- **Data provided**
|---|

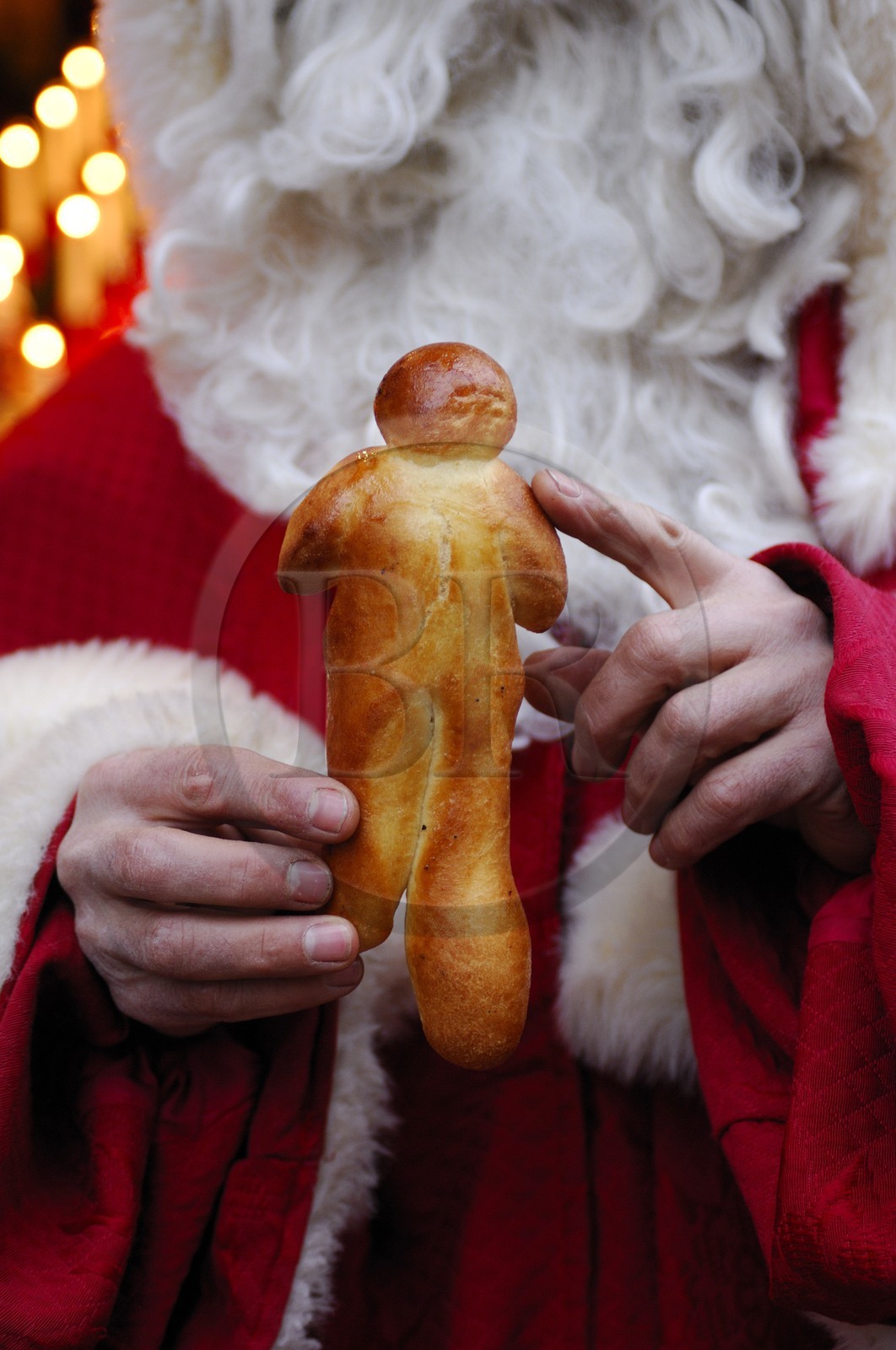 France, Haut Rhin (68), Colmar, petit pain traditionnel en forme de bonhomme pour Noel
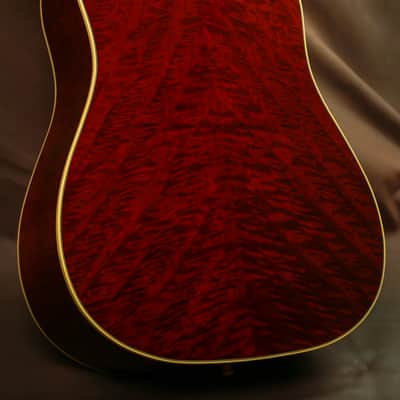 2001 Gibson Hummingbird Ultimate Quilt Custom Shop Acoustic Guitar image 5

|---|

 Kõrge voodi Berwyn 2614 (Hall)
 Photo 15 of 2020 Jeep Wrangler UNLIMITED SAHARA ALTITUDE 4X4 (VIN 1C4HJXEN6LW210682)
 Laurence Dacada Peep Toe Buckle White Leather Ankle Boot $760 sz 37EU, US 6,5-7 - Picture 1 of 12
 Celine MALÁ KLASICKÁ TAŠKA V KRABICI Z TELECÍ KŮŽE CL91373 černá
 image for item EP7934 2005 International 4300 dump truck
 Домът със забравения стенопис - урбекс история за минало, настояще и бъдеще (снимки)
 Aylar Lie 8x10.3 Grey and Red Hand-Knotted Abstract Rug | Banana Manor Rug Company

|---|

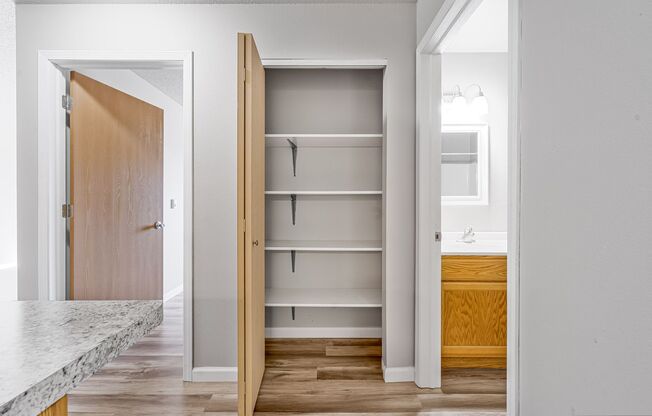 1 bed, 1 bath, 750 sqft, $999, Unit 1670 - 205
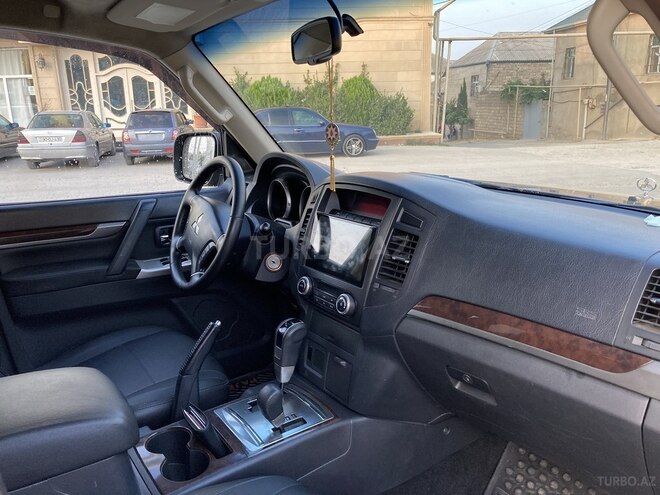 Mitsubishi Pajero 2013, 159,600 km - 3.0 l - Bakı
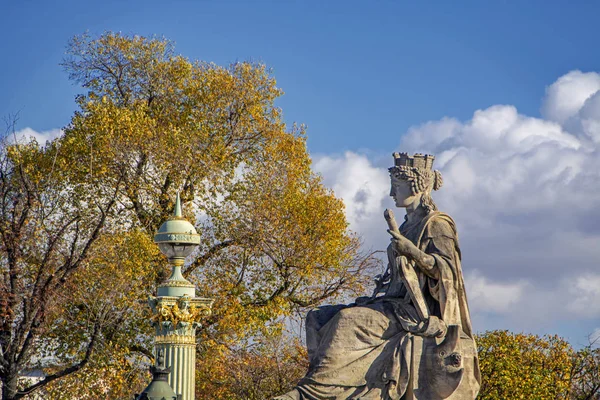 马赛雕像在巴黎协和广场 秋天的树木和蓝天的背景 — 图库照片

|---|

- **Goal of the exercise**
From the material above, set down exactly the lines between the line holding "Laurence Dacada Peep" and the line holding "Aylar Lie 8x10.3", inclusive. Include nothing else.

- **Result for this exercise**
 Laurence Dacada Peep Toe Buckle White Leather Ankle Boot $760 sz 37EU, US 6,5-7 - Picture 1 of 12
 Celine MALÁ KLASICKÁ TAŠKA V KRABICI Z TELECÍ KŮŽE CL91373 černá
 image for item EP7934 2005 International 4300 dump truck
 Домът със забравения стенопис - урбекс история за минало, настояще и бъдеще (снимки)
 Aylar Lie 8x10.3 Grey and Red Hand-Knotted Abstract Rug | Banana Manor Rug Company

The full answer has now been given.